July 18, 1935

Being memories of the new wife and mother.

People in this world do so many unexpected kindly things. Take for instance the wonderful kindness that was shown us in Des Moines by Aunt Esther and her host of fine friends; and here in Hamilton, the much appreciated helpfulness of Mrs. Cale. Never to be forgotten is the day when "Doctor" Cale prescribed the cure for white shirts suffering from mildew.

The surprises following our arrival in Hamilton June the second still leave me weak. I thot I was to see the empty house; but the foxy fellow I married had moved the furniture in on Memorial Day. I thought our first week of adjustment would of necessity be made in another's house; but it was made in our own home. I thought Johnski would be leaving me every morning for work; but he got the first week off. And I couldn't have received anything grander than the Mixmaster for a wedding present!

Jack and Dick entered the Home June the seventh. Tender memories there include Dick's cute way of saying "Miss. Wil-"--" I mean, 'Mother'". (Oh yes, Dick celebrated the marriage with three day measles!) It was quite a while before Jack could call me "Mother", but a doubly grand day when he finally spoke of me as "Mother" in almost a whisper. It must have been an interesting thing to the folks at the SS picnic and the excursion to hear the ease and naturalness with which the Kids addressed me.

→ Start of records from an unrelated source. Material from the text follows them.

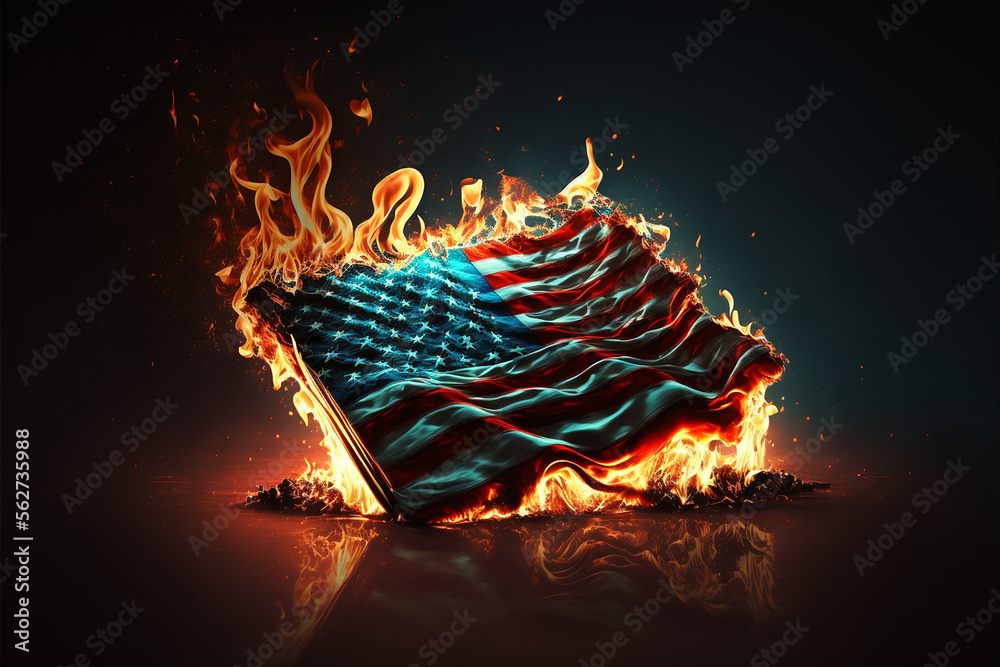 The American People Series #18: The Flag Is Bleeding Burning American flag on fire conceptual image Stock Illustration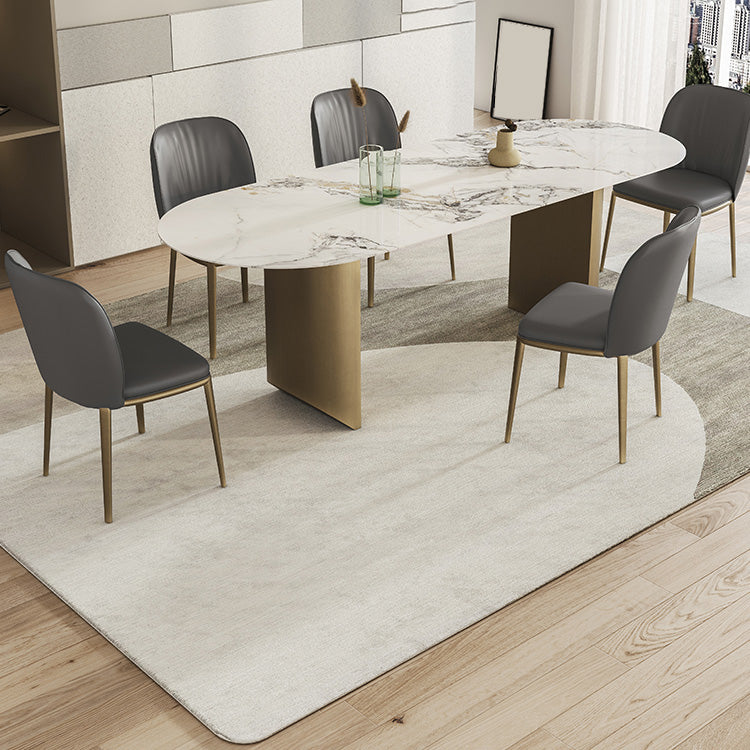 Luxury Oval Dining Table Stainless Steel Double Pedestal Dining Table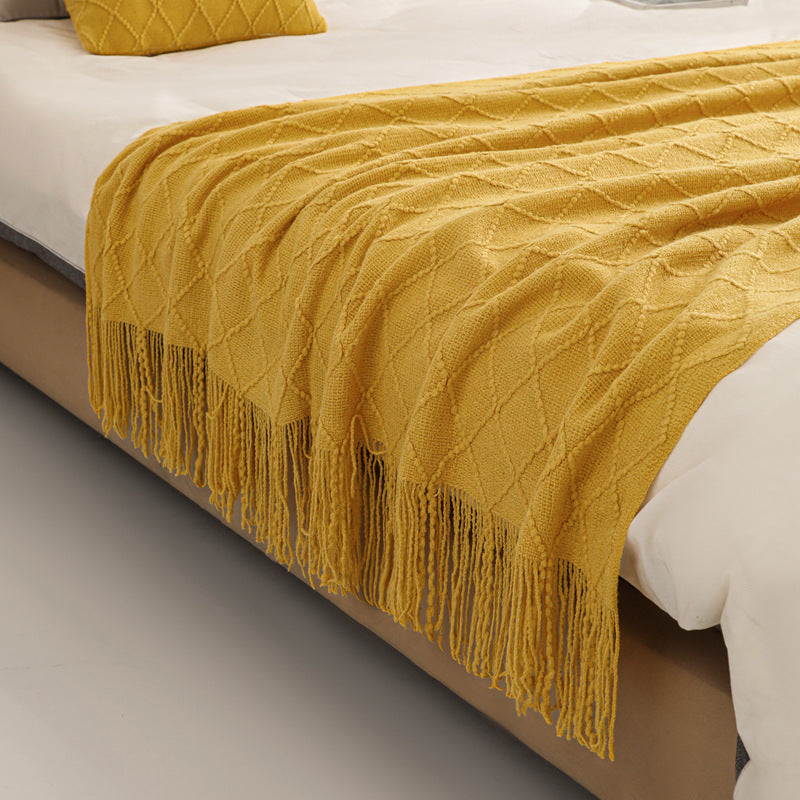 Luxury Fringed Knit Throw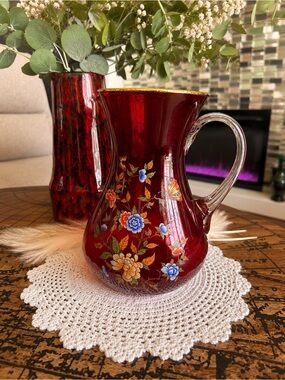 Vintage Ruby Red Floral Glass Pitcher | Hand-Enameled Flowers & Butterflies |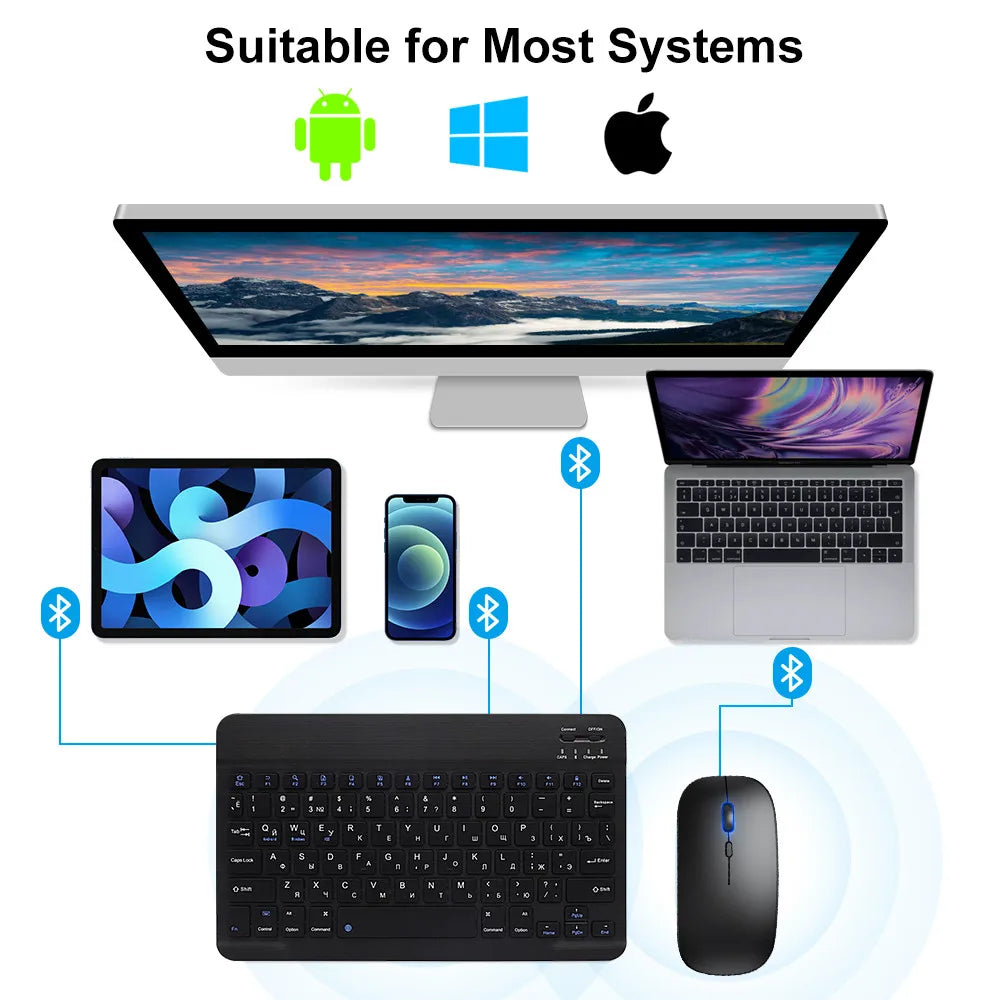 Bluetooth Wireless Keyboard & Mouse for Tablets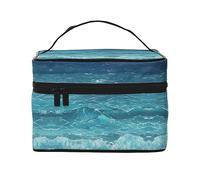 The Deep Blue Sea - Borsa per il trucco da donna, grande capacità, portatile, da viaggio, (22,9 x 16,5 x 15,7 cm), grande borsa per il trucco per ragazze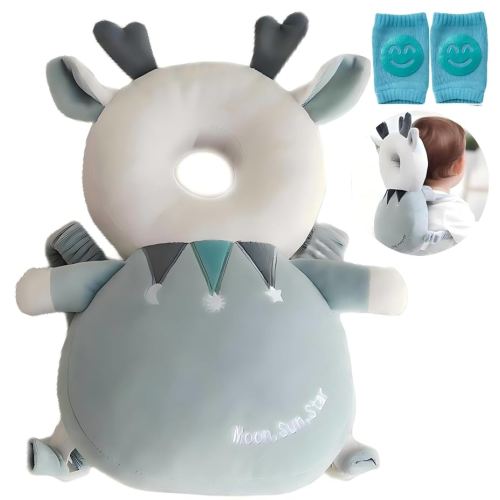 Baby Head Protector, Baby Fall Back Head Protector, Adjustable Baby Head Protection Backpack with Baby Knee Pads for Crawling, Safety Baby Head Protector, Baby Walking Harness(Magic Deer)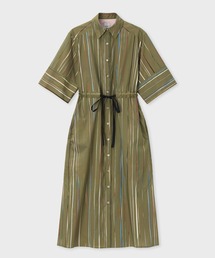 美品♡ ポールスミス 現行 スリーブボタン シャツワンピース 42 ブラウン系 Paul Smith（ポールスミス）の「スリーブボタン ワンピース / 235029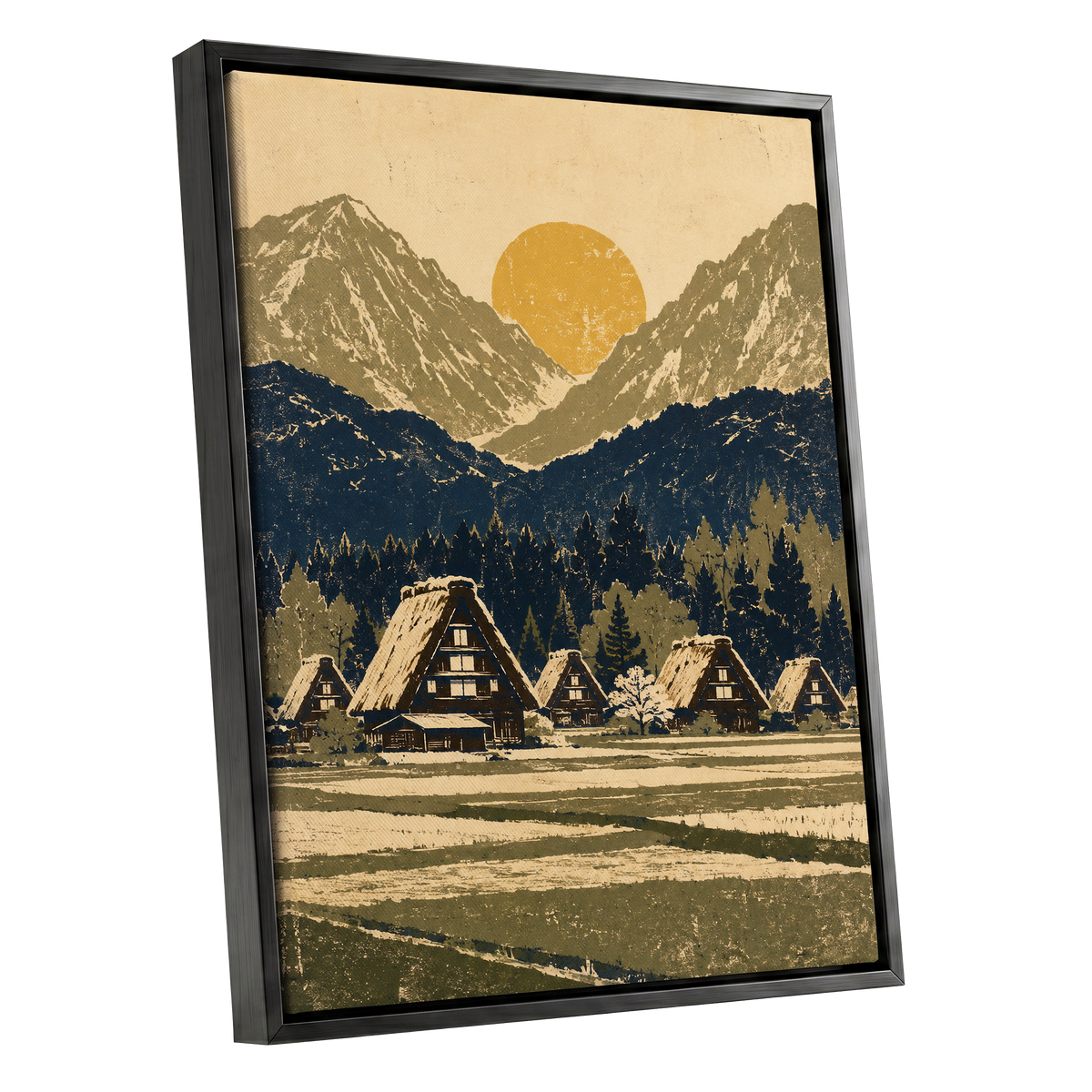 Amber Mountain Village, beige, blue, green nature wall art shown as a black framed canvas wall art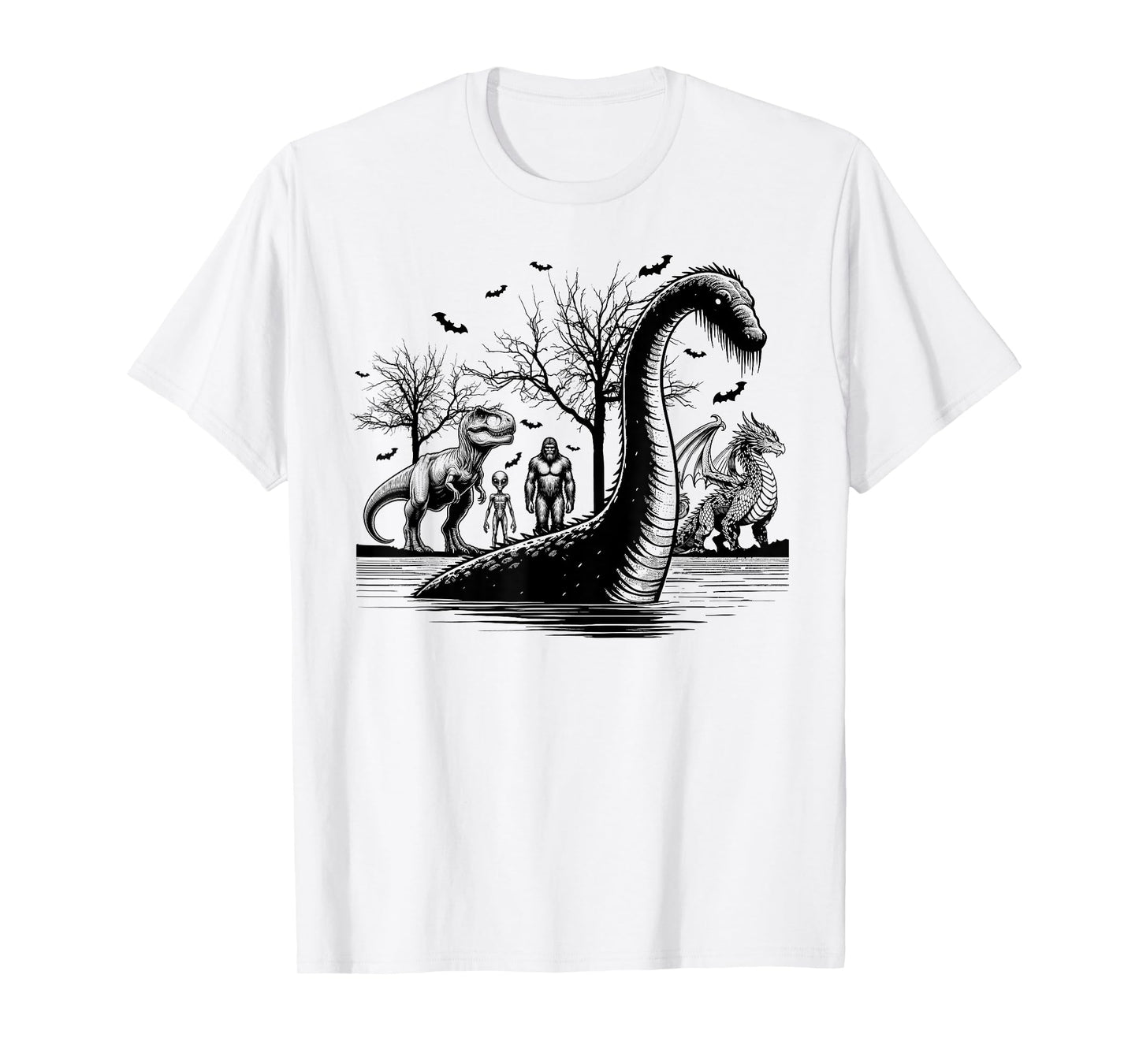 Halloween party bigfoot alien meet loch Ness dragon spooky T-Shirt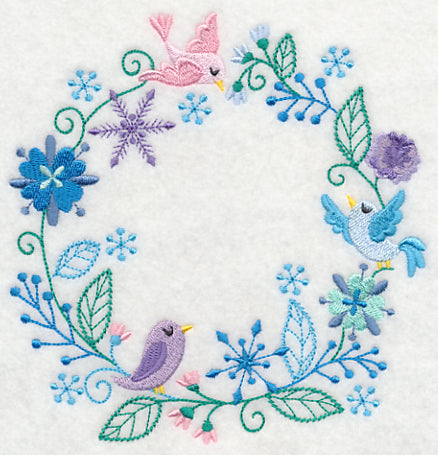 Frosty Foliage & Winter Bird Wreath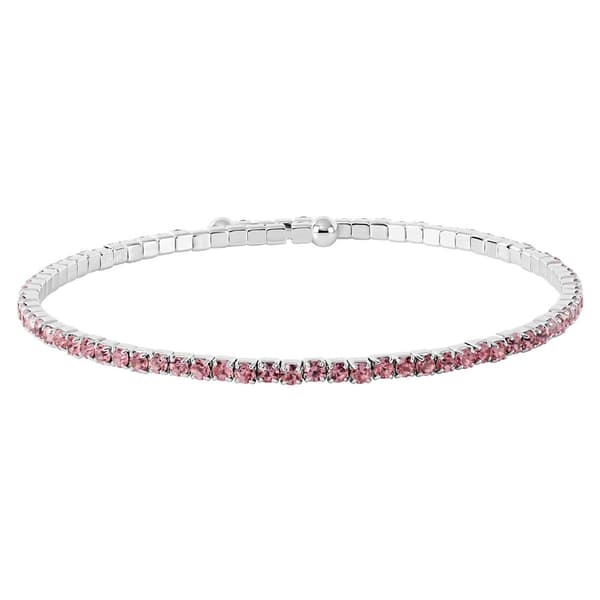 Athra Fine Silver Plated & Light Pink Crystal Coil Bracelet - image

My wished for "gang" is developing. We've had a flare for base ball, for tree tag, for cards, for tree houses, and what not. Jack's tenth birthday was celebrated with Irwin over for supper, and a bicycle which arrived about two days late. Some sort of combination of tree house and bike sent Jack in yesterday moaning with a strained wrist. That was my first real job of doctoring.

It took me quite a while this morning to worm from Dick what he had said to Jack and Irwin in the tree house, and which they seemed agreed was pretty bad. Poor Dick was afraid to tell me cause he was certain I'd do something he wouldn't like or else I'd tell Dad. He finally told me tho--on condition I 'not tell Dad"; so I guess I'd better not write it down. It wasn't very terrible tho, so I just explained why he shouldn't say it, and He promised not to any more.